Que allí donde haya desesperación, ponga yo esperanza.
Que allí donde haya tinieblas, ponga yo luz.
Que allí donde haya tristeza, ponga o alegría."

Sin Jesús no podremos hacer nada, pero con él lo podremos todo en nuestra vida. Y esto sabe que es verdad aquel que ha experimentado su nada, sus caídas una y mil veces, sus promesas eternamente incumplidas de ser mejor, de tener más paciencia, de guardar más la lengua, etc. Sólo El nos puede ayudar, nos puede trasformar en frutos de salvación para nosotros y para los demás. En efecto, como dice Jesús en el evangelio de hoy: "Yo soy la vid, vosotros los sarmientos; el que permanece en mí y yo en él, ése da fruto abundante; porque sin mí no podéis hacer nada”.
¿Estoy yo unido a Cristo y doy frutos? ¿Soy instrumento de Dios para los demás, al modo de San Francisco de Asís y su oración?
- La segunda idea que quisiera reseñar está contenida en la segunda lectura. Dice así: "Queridos, si la conciencia no nos condena, tenemos plena confianza ante Dios." Todos los hombres tenemos una conciencia en nuestro ser. Ella es la que nos indica aquello que está bien hecho o aquello que está mal hecho. En ella influye la educación que hemos tenido en nuestras familias, en el colegio, en nuestro ambiente. Asimismo la conciencia es el lugar en donde Dios nos habla y nos mues­tra lo bueno y lo malo.
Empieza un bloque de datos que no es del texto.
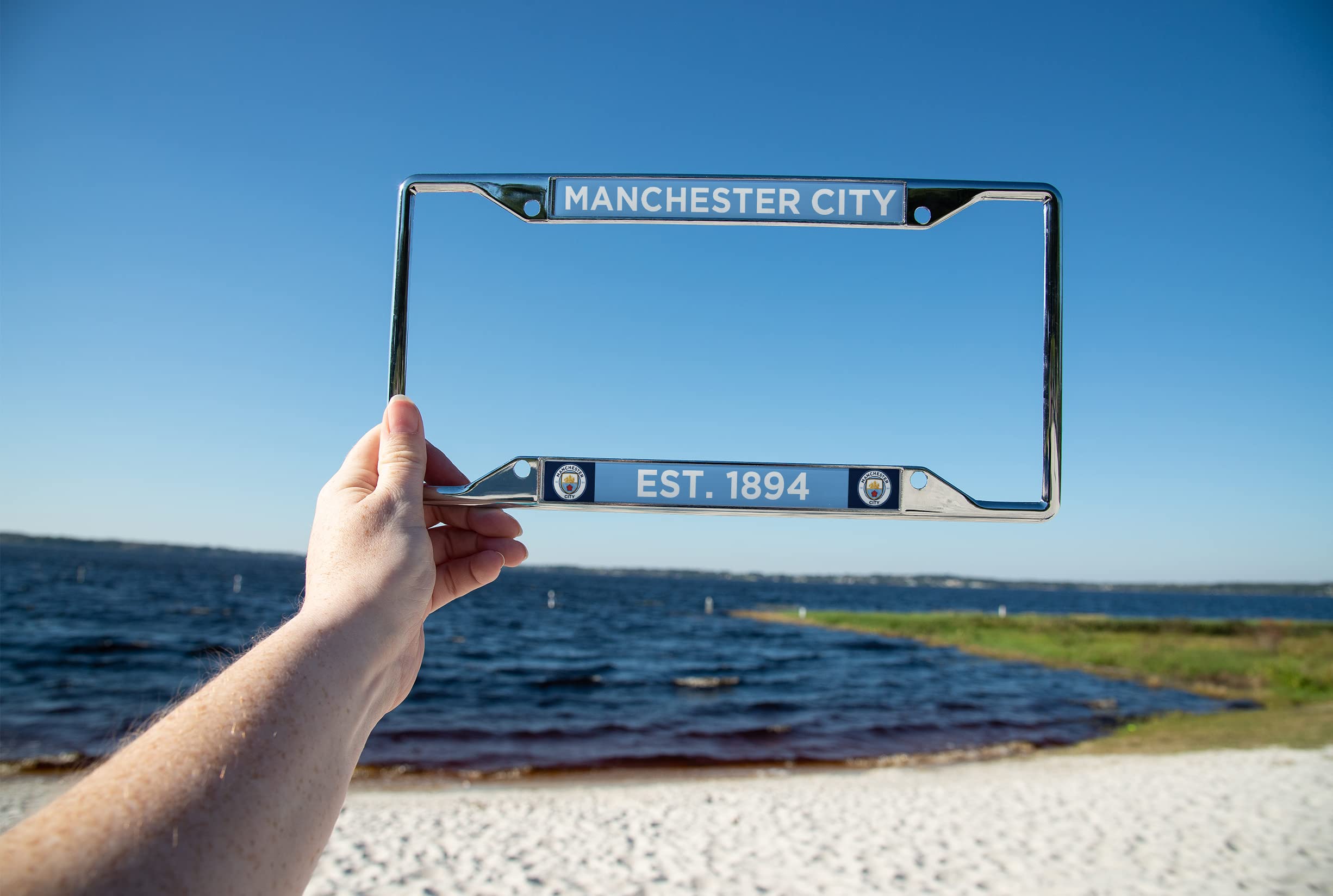 Desert Cactus Metal License Plate Frame - Standard Size, Multi Color, Man City MCFC Football Tag Holder for Front/Rear Car (Style 1)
Es cierto que esta conciencia puede ir cambian­do con el tiempo, con las experiencias que vamos te­niendo a lo largo de nuestra vida. Se dice que el mayor ladrón comenzó roban­do un alfiler. Seguro que su conciencia le dijo en aquella oca­sión que el robo estaba mal, pero si él la acalló, la siguiente vez que robó ya la voz de la conciencia fue más débil y así hasta que la acalló totalmente. Por eso, San Pablo nos indica en la carta a los corintios que Dios está por encima de la conciencia[1]. Y al contrario, cuando una persona comienza tener más trato con Dios, su conciencia se vuelve más sensible y cosas que antes pasaba por alto, ahora ya no. Recuerdo una vez que en unos Cursillos de Cristiandad, que duran 3 días, para comer nos traían al comedor un carro con las comidas y los sacerdotes y otros seglares nos levantábamos para servir la comida o recoger los platos. Al segundo día se levantó un hombre casado que iba por vez primera y se puso también a quitar los platos y la mujer nos comentaba: "Es la primera vez en 25 años que veo a mí marido hacer esto. Siempre esperaba que lo hiciera yo, pues así lo había visto siempre en su casa".
Por tanto, procuremos dejar que el Espíritu forme nuestra conciencia al modo de Dios. Quien tiene la conciencia tranquila y está ésta bien formada, puede estar totalmente en paz.
[1] "Sino que a mí me importa muy poco que me exijáis cuentas vosotros o un tribunal humano; más aún, ni siquiera yo me las pido; pues aunque la conciencia no me remordiese, eso no signifi­caría que estoy absuelto; quien me pide cuentas es el Señor" (1 Co 4, 3-4).